Prerequisites (any one of the following):
  • Any 49/51 course
  • AP standing in American history
  • a major in environmental engineering or environmental science
  • or permission of instructor

N.B. This course carries social science credit only (4 credit hours).
This course also qualifies for credit as an advanced-placement (AP) American history course.
To track down Carroll, or for grades and other course information, contact Patti Mugrace (mugrap@rpi.edu), Sage 5116, 276-6444.
How have humans encountered, evaluated, and used water in the United States and in the colonies that preceded it? Traditional accounts by American historians have stressed how humans have increasingly mastered and controlled water over time, while more recent treatments have concentrated upon human follies along the way as they have questioned the assumption that humans should master and control water. The scholarship on the subject is still rudimentary, though, and few have explored very fully how the people in a given culture ascribe meaning and value to this plentiful substance and integrate it into their lives. In part, this is because water is so ubiquitous that we don't even notice its presence. Inspired by Rensselaer's strategic initiative in energy and environment, this course is arguably the first in the country to focus specifically on the history of water as an aspect of American culture. In an attempt to make us conscious of things we normally take for granted, we will explore together the range of the topic and the emerging themes in its study. To a certain extent, we will attend especially to the relationship of water to engineering and scientific professions. As we develop the topic, we will also give each student an opportunity to develop proficiency in oral expression and expository prose.
Course texts (available in Rensselaer Bookstore; each will be used extensively):

Edward H. Carr, What Is History? (New York: Random House, Vintage Paperback V391, 1967).

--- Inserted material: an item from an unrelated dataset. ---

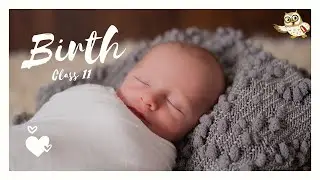 Birth class 11 in Hindi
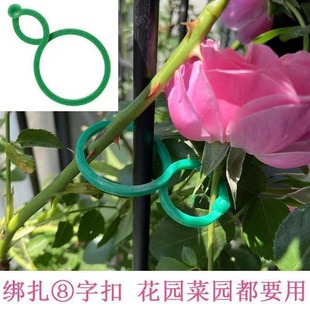 Vine Holder Plastic Gardening Eight-shaped Buckle Plant Planting Holder Climbing Vine Plant Stem Support Holder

Ivan Illich, H2O and the Waters of Forgetfulness: Reflections on the Historicity of "Stuff" (Berkeley: Heyday Books, 1985).

David McCullough, The Johnstown Flood (New York: Simon & Schuster, 1968; second Touchstone paperback edition, 1987).

Arthur F. McEvoy, The Fisherman's Problem: Ecology and Law in the California Fisheries, 1850-1980 (Cambridge: Cambridge University Press, 1986; paperback, 1990).

John McPhee, The Control of Nature (New York: Noonday Press/Farrar, Straus and Giroux, 1989; paperback, 1990).

Ronald E. Shaw, Canals for a Nation: The Canal Era in the United States, 1790-1860 (Lexington: University Press of Kentucky, 1990).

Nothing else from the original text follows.